According to the DCSF, ‘financial education is a cornerstone of PSHE‘ and has featured in the PSHE and Citizenship curricula at Key Stages 3 and 4 since 2002. So why, every day at the CAB, do I speak to young people – some of whom started Key Stage 3 in 2002 – who have signed up to credit agreements they don’t understand; or have fallen behind on their council tax to keep up their HP payments; or who believed the bailiffs when they said “Let us in or we’ll call the police”? Why do only 38% of 16-24s know how much they have in the bank? Remember – 17.6% of 18-24s are not in education, employment or training. If you don’t know how much of your £101.90 Jobseeker’s you’ve got for the rest of the fortnight, you’re probably in trouble.
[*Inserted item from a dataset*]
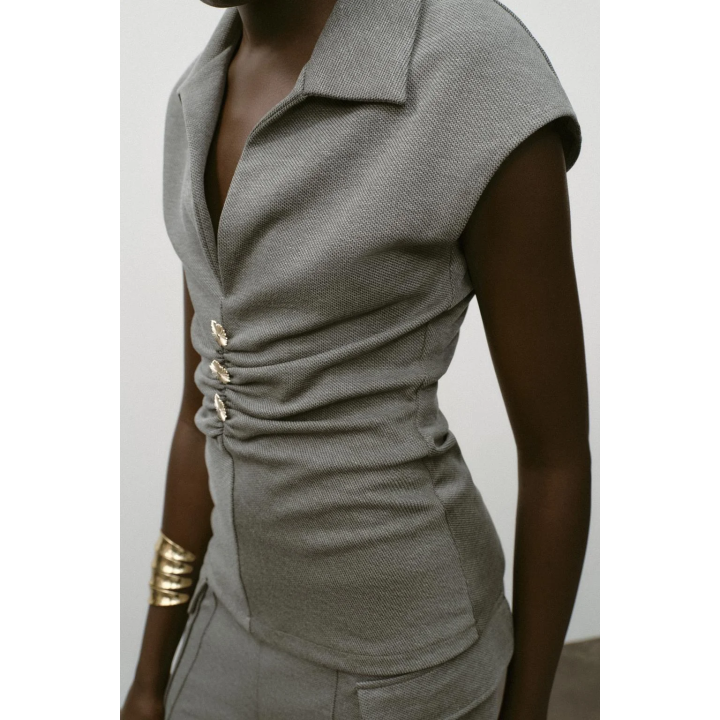 ТОП ИЗ ПИКЕ С ПУГОВИЦАМИ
In the current curriculum, financial literacy appears tacked on. The DCSF website Teachernet points out that ‘it is not a compulsory teaching subject in its own right’, and lists a PSHE framework in which credit doesn’t get a mention. For younger children, financial education is centred around Child Trust Funds – a wonderful Labour policy, but the Child Poverty Action Group has raised concerns about the appropriateness of drawing children’s attention to their different families’ respective capacities for saving.
Moreover, the government-funded Personal Finance Education Group suggests bringing in ‘volunteers’ from HSBC for financial education lessons in primary schools. Is it just me, or is employing the banks to teach kids about money a bit like getting Playboy to teach them about sex?
It’s that comparison between financial education and sex education that I find most compelling. If the papers are to be believed – and let’s pretend for a moment that they are – you can’t move for condoms in the schools these days. Kids have got sex ed coming – excuse the phrase – out of their ears, and rightly so: if young people are unprepared for sex they’re left open to major disruptions to their life, career prospects, psychological wellbeing and health.
But can’t we say the same of those young people unprepared for dealing with debt? Why isn’t financial responsibility given as much emphasis? Why not give them a JSA-sized wad of Monopoly money each, set them to making a budget and see if they remember to save some for the water bill? Why not get the local CAB or another debt advice agency in for an afternoon? It is another addition to an already crowded curriculum, and I’m sure any teachers reading this will ask where exactly I think this could be shoehorned in; but I’m also sure they can think of at least one thing they’d be happy to drop. One less Wake Up Shake Up session a week wouldn’t kill anyone, for instance.
We can’t rely on parents to teach financial literacy – not only because so many parents are struggling with their own financial problems, but because so many young people have financial experiences significantly different from that of their parents. More young people than ever before are going to university – how can parents who live on weekly wages teach their children to budget for a thousand pounds per term? How can parents in receipt of housing benefit prepare their children for the responsibility of paying rent – or vice versa?
Increasing and improving the provision of financial education would be a vote-winner as well as a powerful weapon against poverty: according to a YouGov poll for Insight Investment, 87 per cent of people felt financial literacy should be introduced as a compulsory topic to the school curriculum. Make financial education compulsory; make it independent of the banks, and of anyone else who has an interest in getting young people into debt; and make it relevant to young people’s lives. Teach them about their rights when they sign a credit agreement. Teach them that no matter how many times the bank calls them, they need to pay their rent before they pay their credit card bill. Teach them about bailiffs. It will save us all a lot of money in the end.